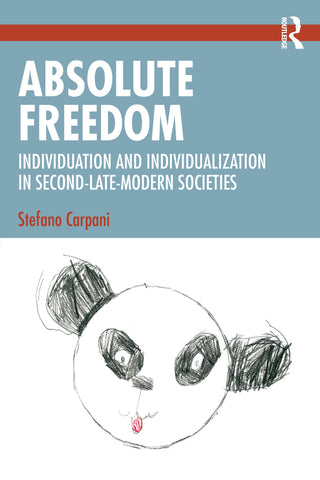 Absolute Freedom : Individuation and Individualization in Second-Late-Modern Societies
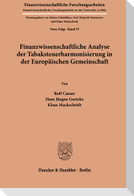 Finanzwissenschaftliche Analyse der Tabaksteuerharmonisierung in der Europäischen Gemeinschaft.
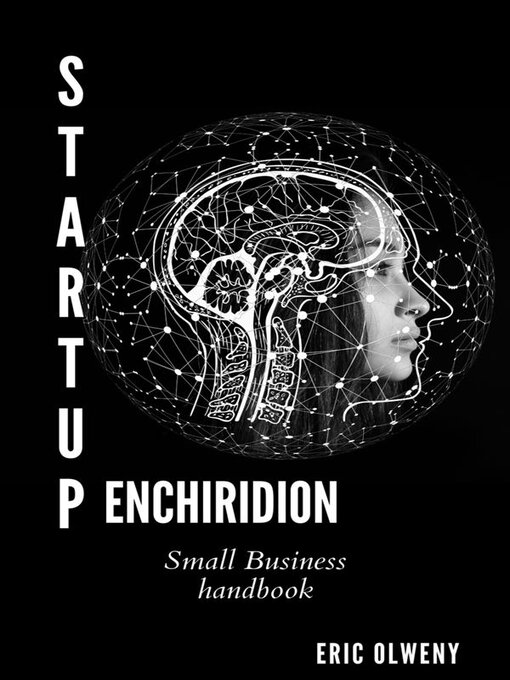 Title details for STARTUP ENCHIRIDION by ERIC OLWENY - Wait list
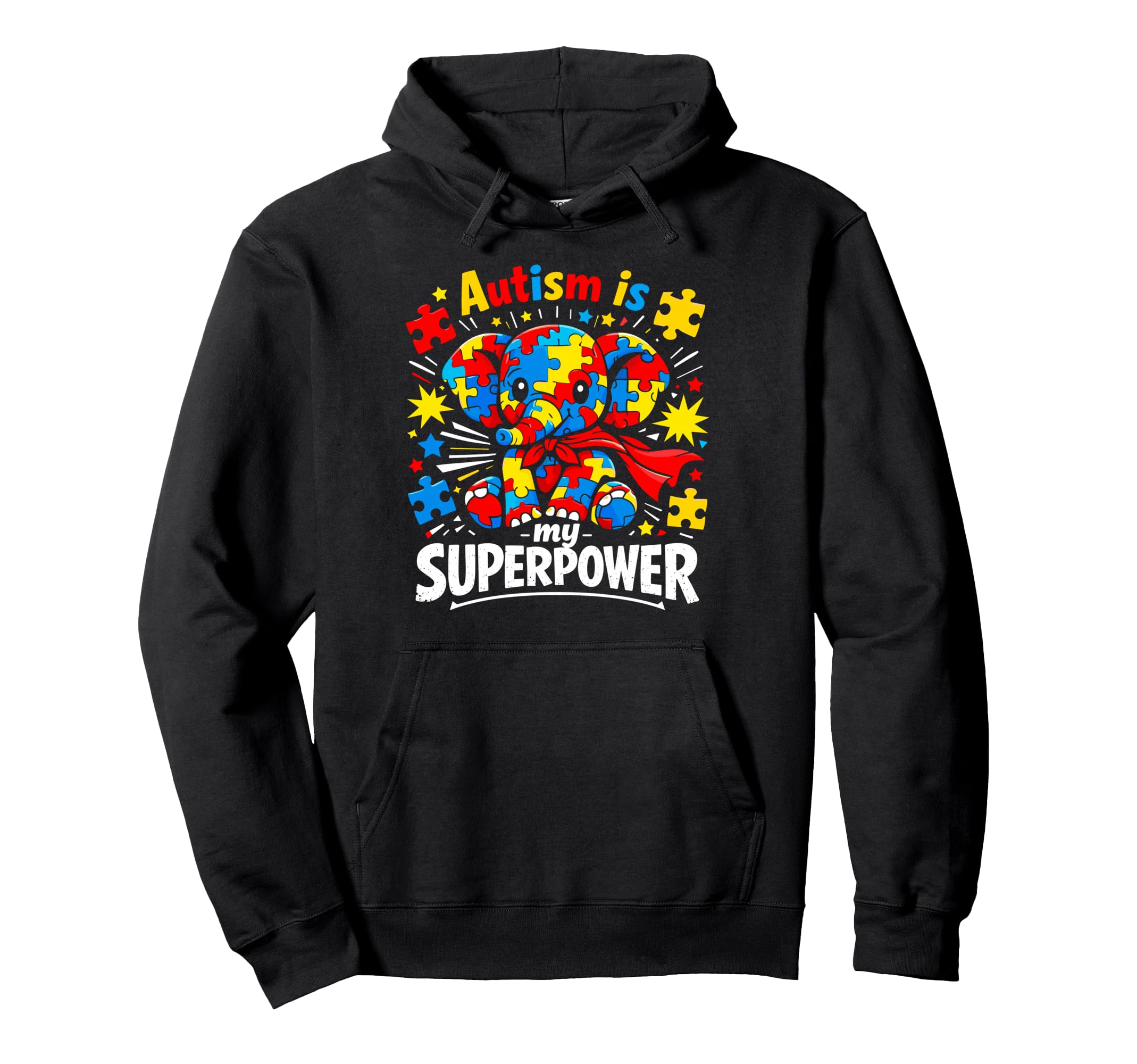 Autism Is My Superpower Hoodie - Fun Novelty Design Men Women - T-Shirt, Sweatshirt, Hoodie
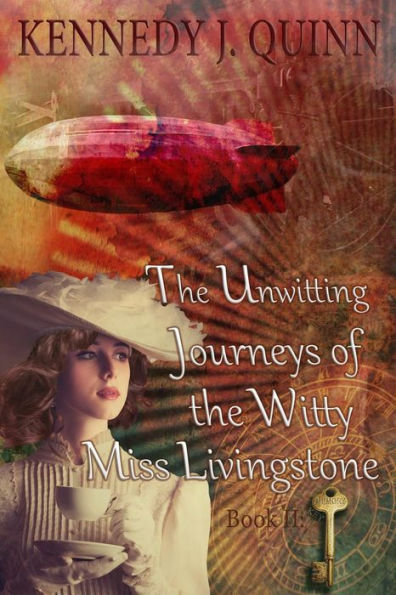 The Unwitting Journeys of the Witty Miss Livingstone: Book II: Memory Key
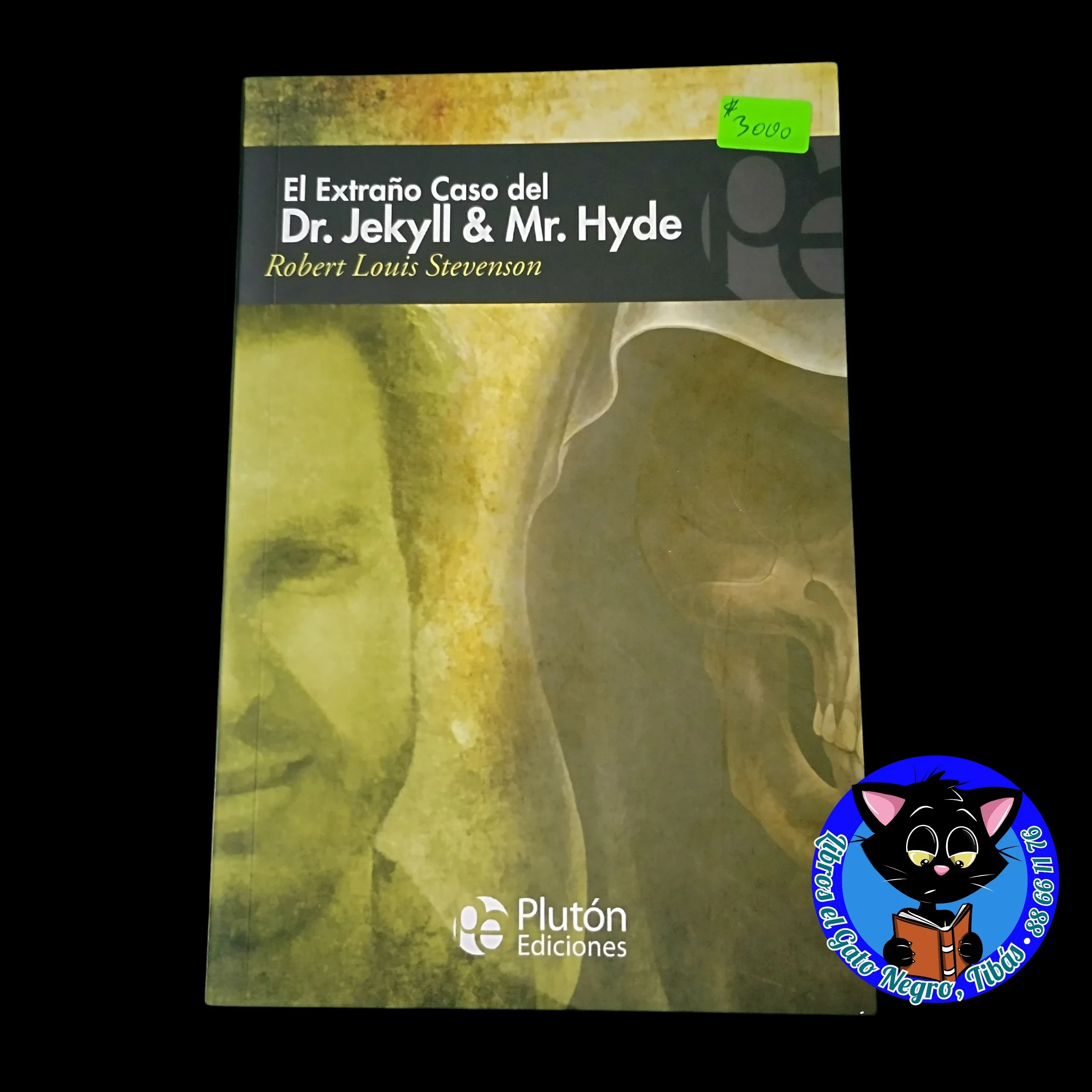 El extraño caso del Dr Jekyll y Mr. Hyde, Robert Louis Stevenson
---
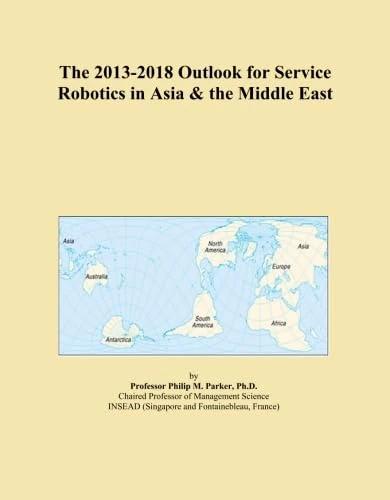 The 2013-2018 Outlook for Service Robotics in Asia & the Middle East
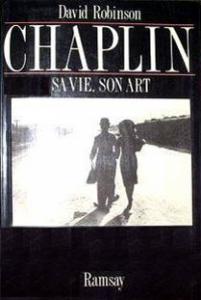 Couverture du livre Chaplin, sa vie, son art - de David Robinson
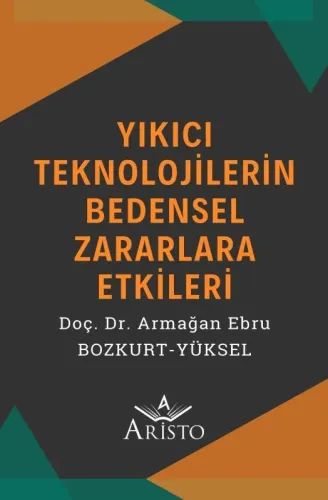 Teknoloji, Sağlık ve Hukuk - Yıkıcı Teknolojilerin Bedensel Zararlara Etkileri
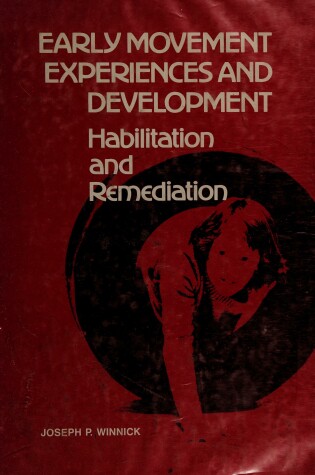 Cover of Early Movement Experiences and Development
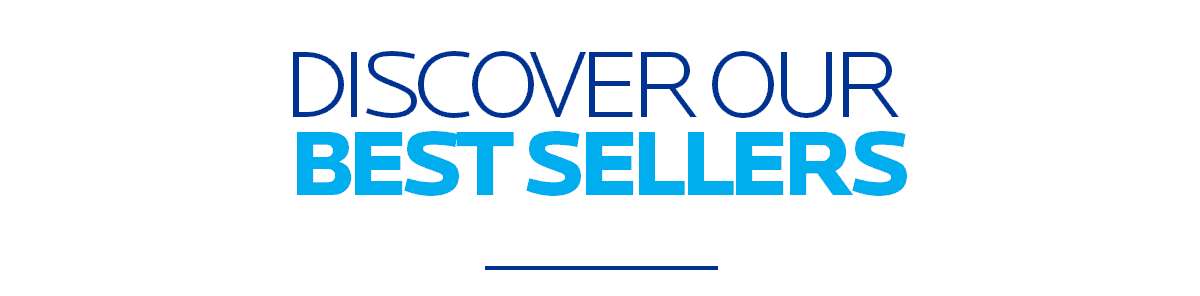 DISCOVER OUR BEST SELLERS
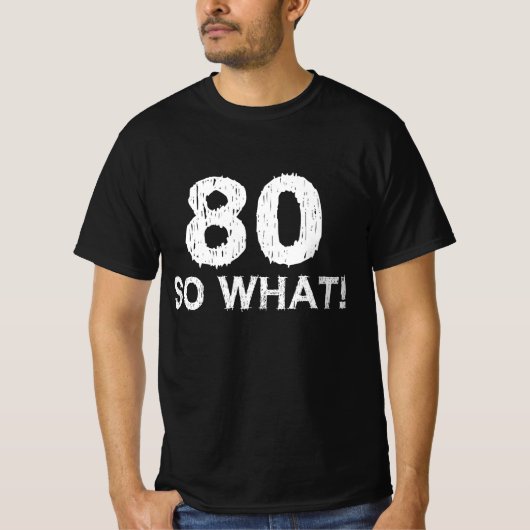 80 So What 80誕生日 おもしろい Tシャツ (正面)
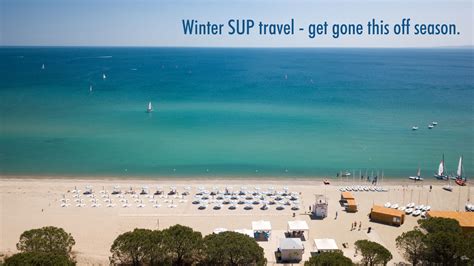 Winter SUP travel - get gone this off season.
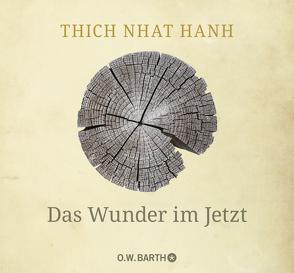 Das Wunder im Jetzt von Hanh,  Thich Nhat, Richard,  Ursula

**TASK BRIEF**
In the listing above, find the line with "Teknoloji, Sağlık ve" and the line with "Winter SUP travel". Transcribe those two and everything between, exactly, leaving out pictures.

**RESPONSE**
 Teknoloji, Sağlık ve Hukuk - Yıkıcı Teknolojilerin Bedensel Zararlara Etkileri
 Cover of Early Movement Experiences and Development
 DISCOVER OUR BEST SELLERS
 80 So What 80誕生日 おもしろい Tシャツ (正面)
 Winter SUP travel - get gone this off season.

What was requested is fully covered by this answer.